I like writing to someone because I feel in touch with fellow seekers and encouraged and reassured about the worth of seeking through correspondence.
I don’t understand “don’t check.” Does it mean practice not reflecting upon your own feelings, behavior, etc? Does it mean let go of praise and blame? I was at PZC last Wednesday night. During meditation, we stood up to walk. My foot was soundly asleep, and I fell right back down. I started to laugh at this, but I cut it off because I thought that laughter in that time and place might be rude. Is this checking? What is?
I met Annie for the first time last week. She is quite friendly, a wonderful greeting for a stranger just arrived!
What is inga?
Thank you for reading this, for your excellent talks that appear in the Newsletter, and for being there.
September 4, 1981
Thanks for your letter. I’m happy to correspond with you. It was good of you to think of Soen Sa Nim; he is very busy now, although he would certainly answer you if you wrote him.
You asked me about what “don’t check” means. There are two basic divisions of checking. One is checking yourself and the other is checking something outside of yourself (i.e. other people or situations). I can use the example you gave me in your letter about your foot falling asleep to explain something about ways of checking.
There you are, sitting in meditation at the PZC and the chugpi is hit, indicating that it is time to stand up. You try to stand up, fall back down and start to laugh. Then you start thinking, “don’t laugh, everyone is keeping silence at this time.” If that is all you thought, that is not checking. That is what is called “following your correct situation.” If you had continued to laugh, you would have disturbed the formal meditation, so you and Buddha are the same. Congratulations!

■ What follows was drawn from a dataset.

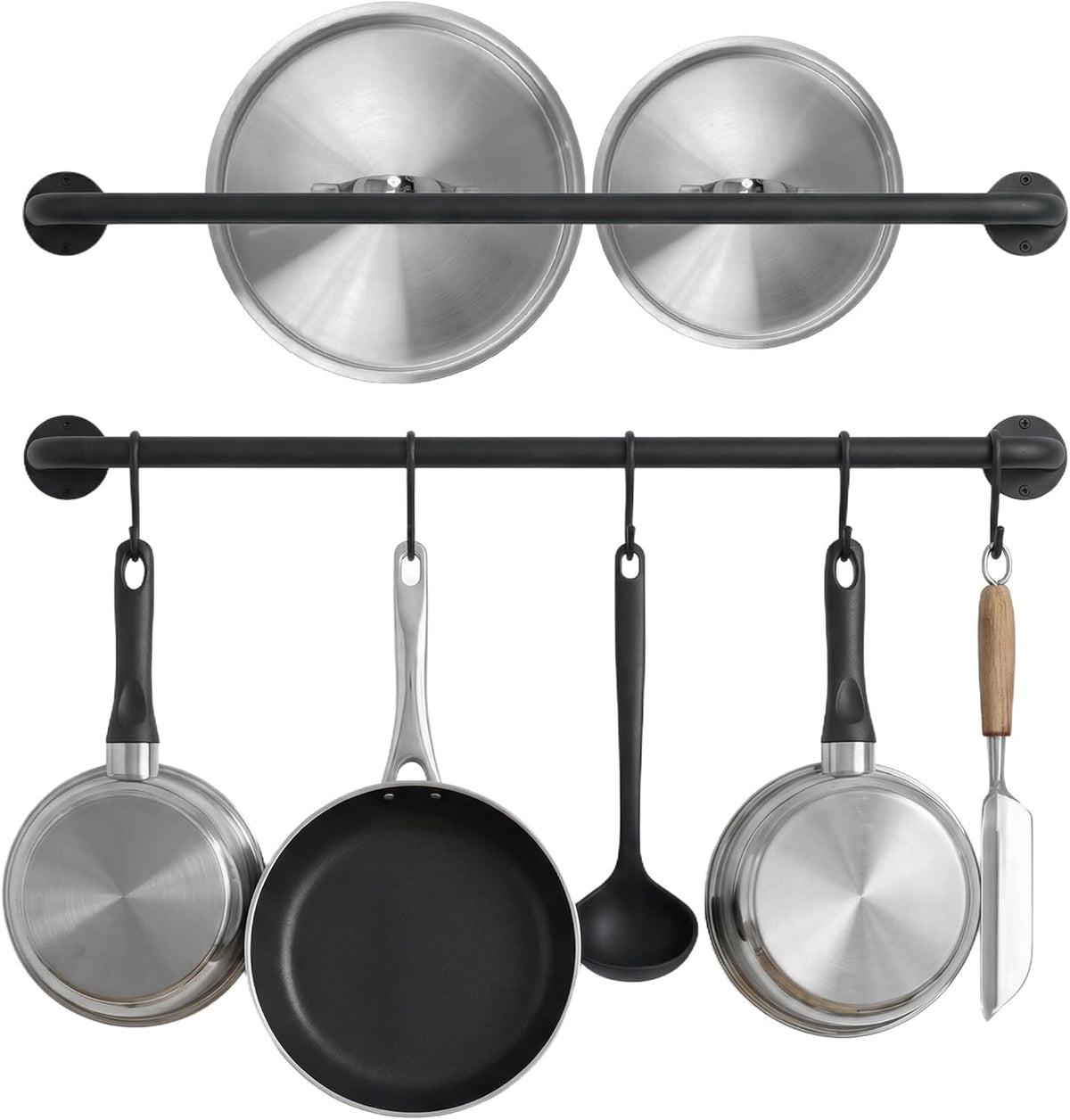 Black Steel-made Kitchen Utensil Rack Organizer Wall-mounted Pot Pan Wall Hanger Holder For Hanging Rail with 10 S Hooks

But let’s say you start having more thoughts about your sleeping foot situation: “I hope nobody saw me fall. If they did see me fall, they probably think I’m stupid, just a beginner, a clumsy slob. No, it’s not their fault, maybe I am a clumsy slob. I’m lazy and no good. Why are we doing this?’ Sitting cross-legged is not natural, this whole system of practicing is too strict. Oh, I wish I could be like Soen Sa Nim!”
So that’s checking. Instead of digesting each moment completely and understanding it intuitively, the mind turns, twists, and holds it. If we were not attached to our idea of I, my, me, we would not have to manipulate reality. But because we think we are separate from everything else, we have to defend our self-image and consequently expend tremendous amounts of energy doing so. We make up a complex world of Opposites, running from, or clinging to things in order to avoid feeling threatened or hurt.

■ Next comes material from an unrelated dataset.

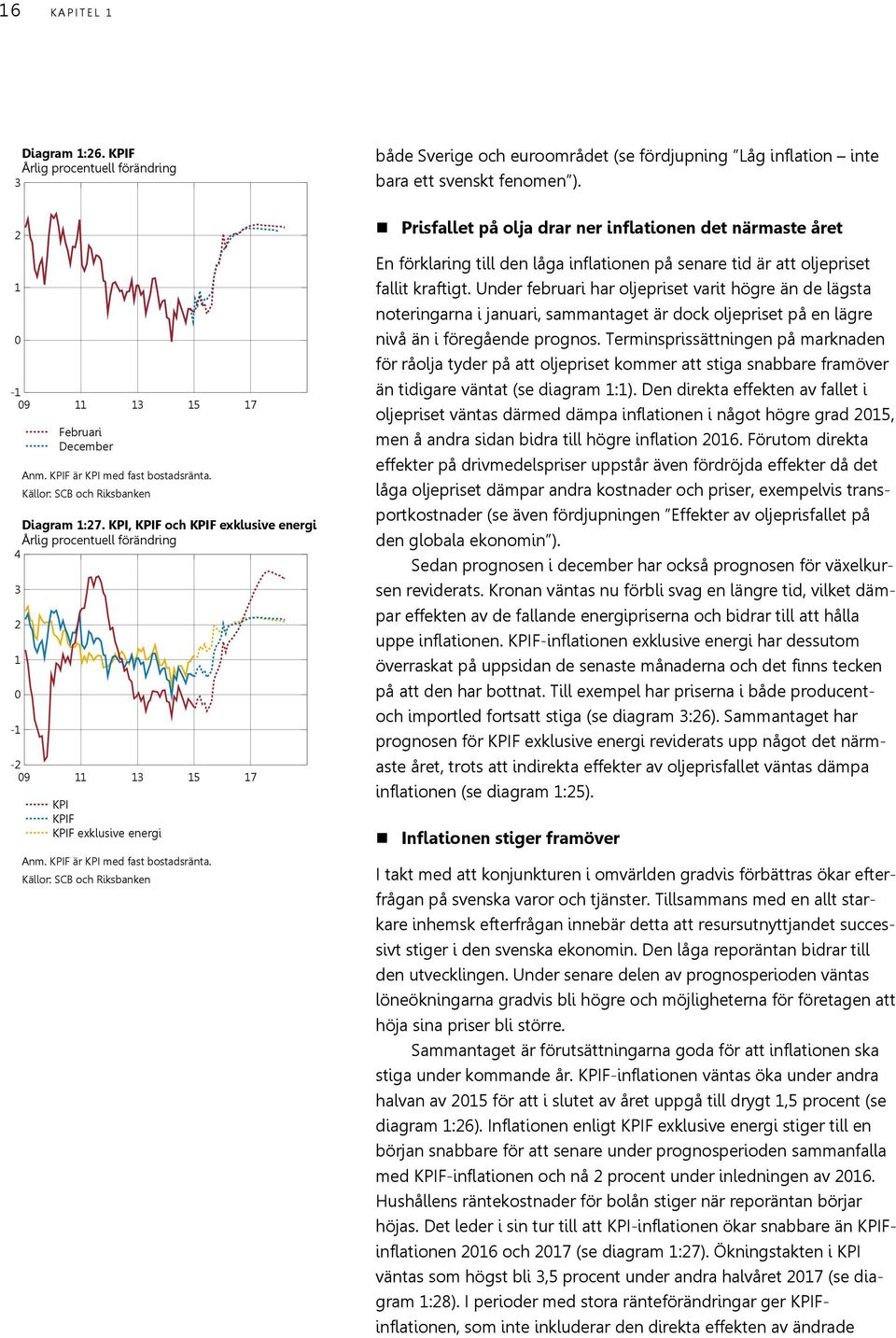 både Sverige och euroområdet (se fördjupning Låg inflation inte bara ett svenskt fenomen ).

Practicing with the question, “What is this?” will stop the habitual process of thinking in terms of opposites, and the mind then becomes one with each moment.

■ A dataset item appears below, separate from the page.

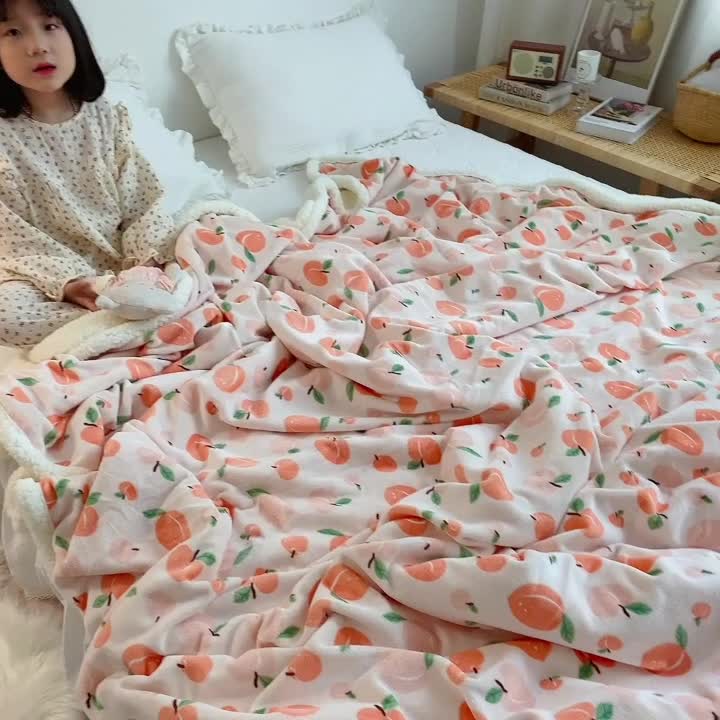 91家纺网 家纺一手货源 找家纺 萝莉家纺 2021保暖加厚牛奶绒毛毯羊羔绒毯子被套毯蜜桃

I hope your practice is strong now and you have others to practice with. The most important part of practicing is to just try consistently every day and “don’t check” your condition, situation, or opinion.
You asked me what inga is. Inga is when your teacher approves of your practice and of your answers to kong-ans and authorizes you to teach others.
Thanks again for your letter. I hope my answers help you. Please visit again soon.